Alix obéit docilement et prit place sur l'une des deux chaises qui encadraient la petite table en bois. Elle attendit que son père lui ait servi sa portion de gruau, en prit une cuillère pour la porter à sa bouche, l'avala goulument, puis confessa :

- En fait, les chevaliers n'y sont pour rien. Père, je crois que tu as manqué un évènement qui demeurera longtemps dans les récits des bardes de Maarmé. Une jeune femme masquée s'est présentée au début du tournoi et a demandé à la princesse Freya d'être sa championne.
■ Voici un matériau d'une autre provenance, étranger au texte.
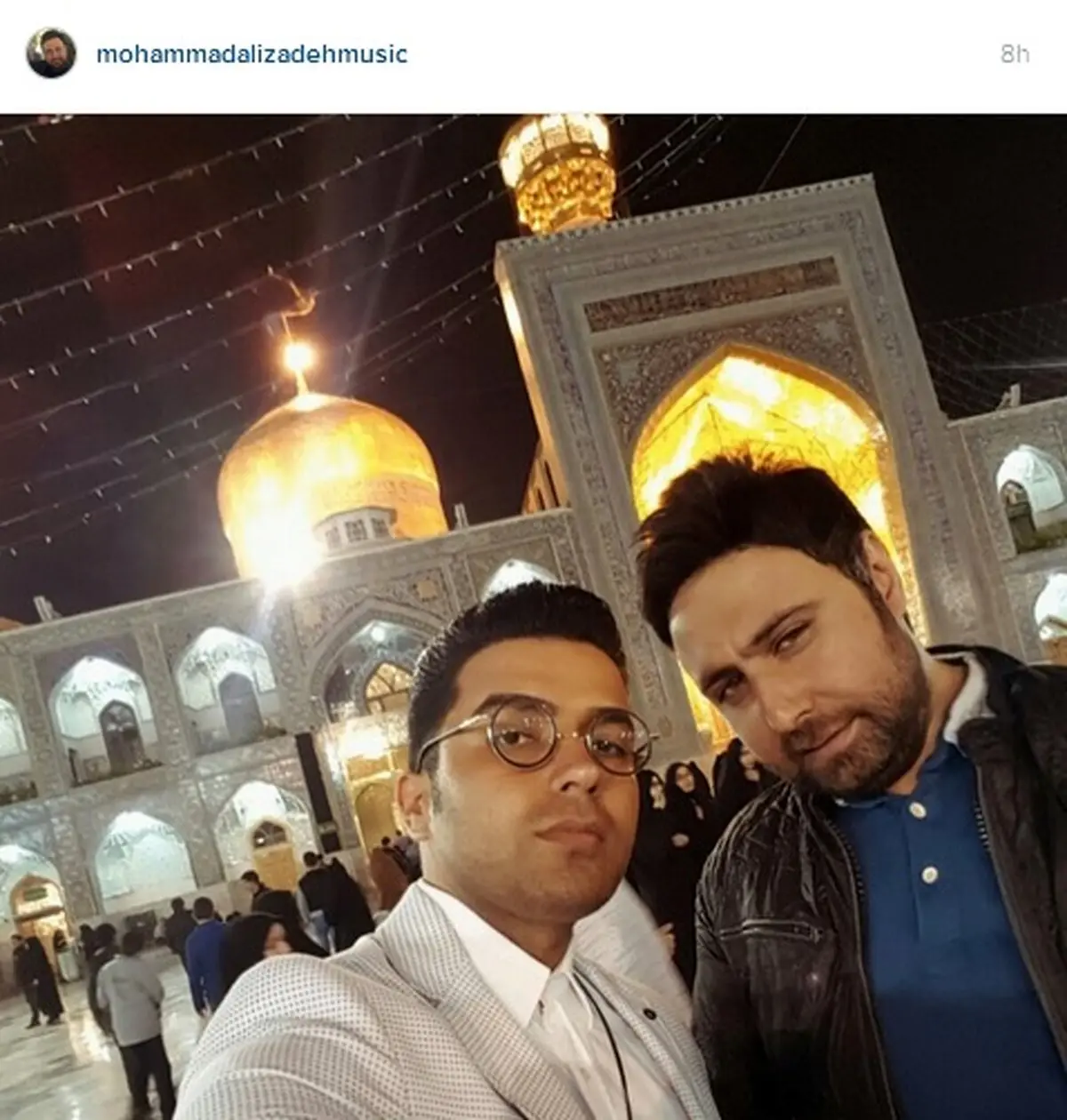 سلفی خواننده پاپ در حرم امام رضا(ع)/ عکس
- Vraiment ? s'étonna Virgile. Une femme ? Qu'a répondu son Altesse ?

- À la surprise générale, elle a accepté. Et ce n'est pas tout...

Tandis qu'ils mangeaient, Alix se lança dans un récit exalté des prouesses exécutées par l'épéiste, sous les yeux ébahis, et pour la majorité mécontents, des spectateurs. Elle n'omit aucun détail, lui narrant avec précision chacune de ses victoires. Sa voix vibrait.

- Eh bien ! C'est sûr, ce n'est pas commun, ça ! Et elle a gagné, dis-tu ? Les chevaliers ont dû se sentir humiliés.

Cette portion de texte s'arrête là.